San Jose State University rules! It's certainly better than Boca Raton's Florida Atlantic U., and it tops Maryland's Towson U., at least. That's what SJSU Prez Robert Caret's move to shun headhunting offers from those other schools and stay in Dodge last week would suggest. What exactly does Caret like so much about San Jose State? After all, he's not getting a raise and will have to continue to survive on $222,540. (That's just $57,540 more than the governor.) Explanations for his decision have been vague. Caret released a statement on Dec. 3 crediting "many conversations and an outpouring of support from family, the campus, the community and the leadership of the system and state" for his choice.
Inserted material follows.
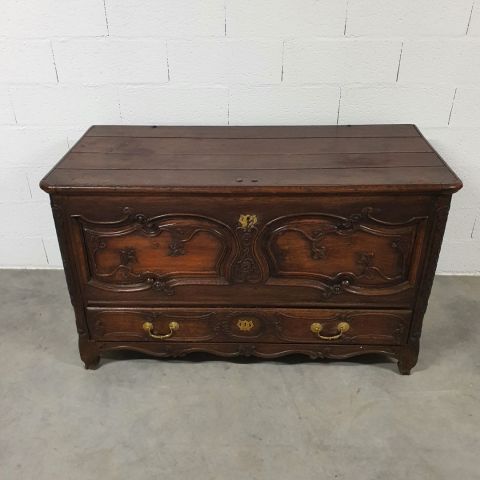 Commode en chêne sculpté, époque Louis XV, attribution probable à l'ébéniste CALTEUX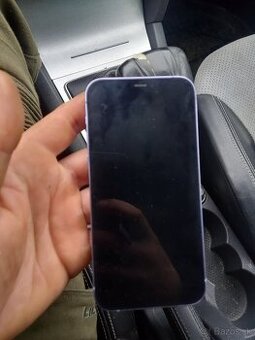 Zablokovaný iphone - 1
Still curious, Eye rang up his office, but the truth-finding mission was thwarted. "I know he doesn't want to talk about that," says Nancy Stake, one of Caret's media guards. "It's time to move on." Stake says that Caret's announcement to stay, made on Dec. 3, is "old news." Instead of beating that dead horse, she recommends profiling the 23rd president of SJ State, an idea she pitched to the Mercury News two years ago, and which they finally bit on in Sunday's paper with an article titled, "Caret credited with putting SJSU on map." SJ State poli-sci prof Terry Christensen is more willing to break down specifics. "Surely these guys are hot property," he says of school presidents who attract attention from recruiters. "I don't think it'll hurt in the next review. It could result in more money down the line." He adds, "I'm pretty sure family had to be another factor. His wife has a job here. They've got a couple kids in high school. Ultimately, though, Christensen points out, "It doesn't hurt to show that other people want you."

War on Error

Eye was excited about Palo Alto district U.S. Rep. Anna Eshoo's new website promising to bring the people closer to its leaders and reminding this region of its high-tech successes. The site--www.house.gov/eshoo--launched Friday, Dec. 6, should help keep locals informed in a confusing time of presidential war courting and empty piggy banks. "Although Silicon Valley is experiencing job losses for the first time in a decade, the Internet revolution continues to change how companies do business and how we all live our daily lives," Eshoo notes on her new legi-site. "I'm proud to represent the region which fueled our nation's economy in the past with innovative technologies and which will lead us again in the 21st century." Yeah, that's the spirit. But Eye had only to click on the first "timely topic," the War Resolution on Iraq link, before communication broke down. "The requested page could not be found," said the site, each of the four times Eye clicked on it. Eye is now trying to ignore the symbolism of this empty link to the topic of war on Iraq and advises that readers do the same.

Sex Change

Eye's eyes for soccer opened wide the day before Thanksgiving while reading a Mercury News article on the NCAA women's tournament. In Mark Emmons' lead piece, he heralded Santa Clara's University's Aly Wagner as one of the athletes "most likely to take the baton from the current group of stars who put women's soccer on the map--such as Mia Hamm and the Earthquakes' Brandi Chastain ..." Oh my. Since the Earthquakes are the men's team in San Jose, not the women's team, Eye just had to rifle off an email to Mike Guersch, the Merc's executive sports editor. With the utmost sobriety, we offered our services as freelance soccer reporters, available at any time, and Guersch took our information in hand. He also informed us that the mistake was made by a copy editor, who had inserted the comment, and that Emmons ought not to be blamed.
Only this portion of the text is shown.